6. What schemes are being used to more accurately measure softer aspects such as strength of relationship and quality of details?
This relates to understanding what the doctors value, what they feel about call activity and how they relate to the individual reps. We’ve done studies in both the US and Spain to look at what we call these ‘customer value metrics’.  

One of the things that some companies are trying to do now is to give doctors a feedback mechanism in the form of a Blackberry or a PDA to find out how they rate the call from the sales rep – whether it was a good call, whether they learnt anything, whether they would see the rep again, and so on. What we’re finding in the research from Spain is that these actually helped to improve and increase the length of time that the doctor would spend with the rep from the average two minutes to five minutes or more.  

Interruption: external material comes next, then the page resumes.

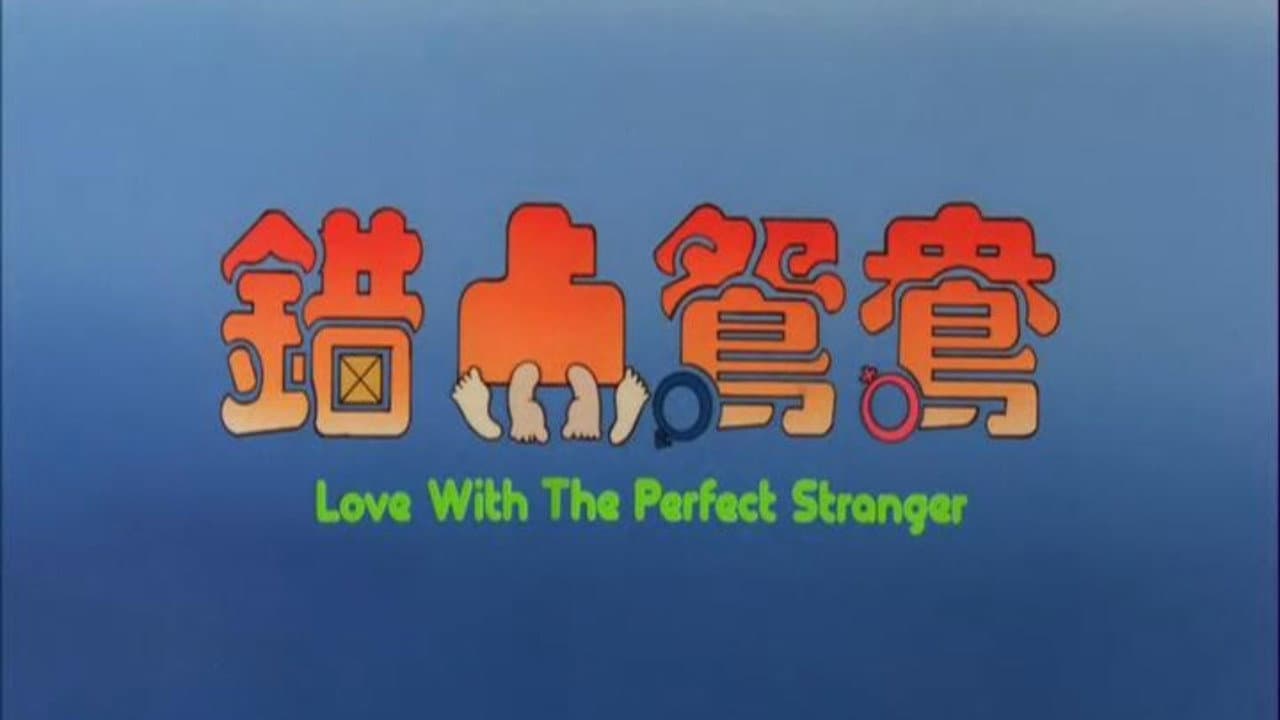 Love with the Perfect Stranger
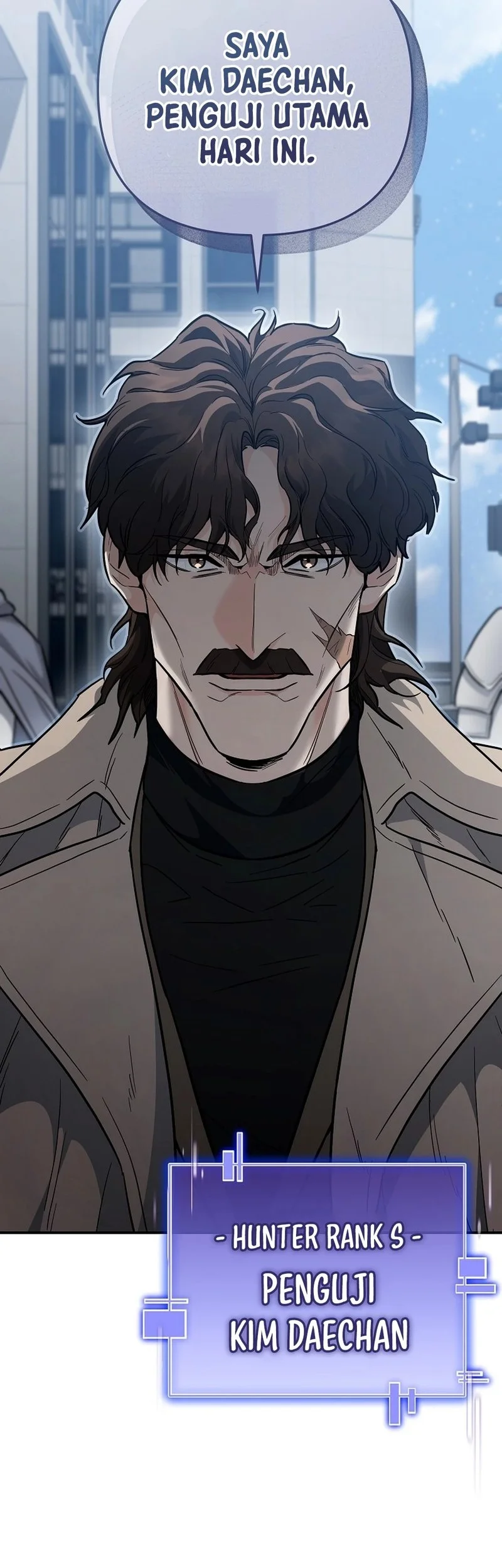 I Became a Swordsmanship Instructor at the Academy Chapter 41 Gambar 78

7. What, if any, are the differences between countries in relation to adopting innovative compensation schemes?
In our latest survey around compensation, we found that every country we studied was moving towards a more account-based sales model; but certain countries were moving much faster than others. The UK and Belgium, for example, were making a lot of headway, whereas Italy and France were being much slower to respond.  

What we also found in this latest research is that in reality most companies across Europe are at the same place in terms of thinking about their compensation schemes and adopting innovative new ones. And that’s a very interesting phenomenon. The design, deployment and tracking of compensation systems will be even more critical to success in the future more complex healthcare market.

BIO
Nev Skelton is Group Vice President, Sales Force Effectiveness at IMS Health, leading the development and marketing of the services, applications and data that help clients improve the effectiveness of their sales operations. He has extensive international pharmaceutical industry and consulting experience, with a particular focus on sales force effectiveness, supply chain management, clinical trials process re-engineering and knowledge management.